Question: My new day-planner says 2016 will be a leap year. What’s up with that? — PF, Vatican City
Answer: Leap years can be confusing. Normally, any year divisible by 4 will be a leap year, so 2016 obviously qualifies. But first, let’s talk about what that whole leap year concept is based on. Nobody likes math, but if you want to understand leap years, you’ll need to do some arithmetic.
When you watch the video above you’ll see that as Earth orbits around the Sun, Earth is also rotating. One rotation equals one day. One orbit equals one year. The animation shows Earth as seen from above the North Pole, so its rotation and orbit are both counter-clockwise. The animation is not to scale, either in distance or size.
We show only 10 rotations of Earth … 365 would make you dizzy. But the point is, the number of rotations in a year does not equal 365. When Earth gets back to the starting point in its orbit, it’s actually rotated (approximately) 365.24220 times.

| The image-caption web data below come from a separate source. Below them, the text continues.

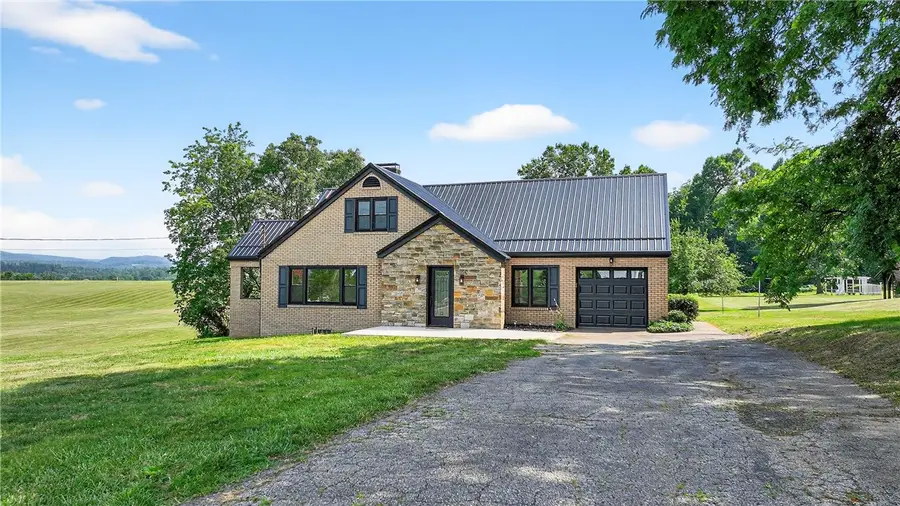 545 Vanderbilt Rd, Dunbar Township, PA 15425 - Image #3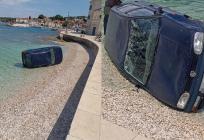 ŠOK U MALOME MISTU: Auto sletjelo usred glavne plaže!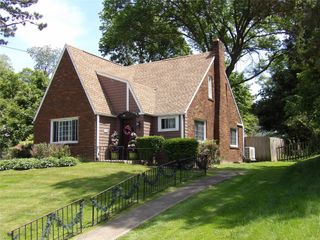 1115 CHESTNUT HILL Drive, Erie, PA 16509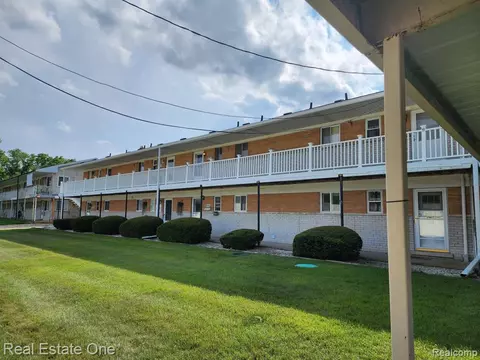 26955 Milford Rd #22, South Lyon, MI 48178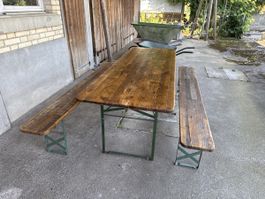 Gartentisch mit 2 Bänken Holz Metall guter Zustand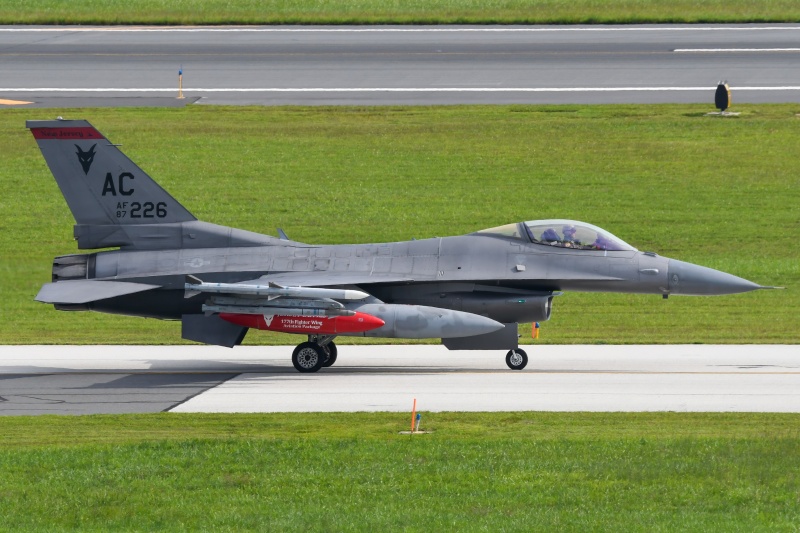 Photo of 87-0226 - United States Air Force (USAF) General Dynamics F-16 Fighting Falcon at ACY on AeroXplorer Aviation Database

So the year ends after the day ends, and this really complicates matters when you’re in the calendar business.
The Julian calendar, established in 45 BC, assumed exactly 365.25 days/year, but counted only 365 on the calendar. This required an extra day to be added every 4 years. It’s what we now do every 4 years in February, when we extend that month to the 29th.
If we choose to ignore the difference between 0.25 and 0.24220 days, as Julius Caesar did, and decree a year = 365.25 days exactly, then over time things will get out of sync. The calendar will be saying it’s Summer, but Earth will be saying it’s still Winter. This is just what happened in 1582, when Pope Gregory XIII (at the advice of his Jesuit astronomers) decreed that 10 calendar days would be dropped to re-synchronize with Nature.
Further, in the new Gregorian calendar, not every fourth year would be a leap year. Centuries divisible by 400 would be skipped. Thus, 1900 was a leap year, and 2100 will be a leap year, but 2000 was not. That correction brings the long-term average days per year to 365.2425. If you do the arithmetic, that means we’re good for some 3000 years. At that point, we’ll need to correct by one day to make up for the difference between 365.24220 and 265.2425.
Are we splitting hairs here? Perhaps. But when you look at your calendar, and see that it’s June, you expect to go outside and not see snow. Without calendar corrections, this wouldn’t happen.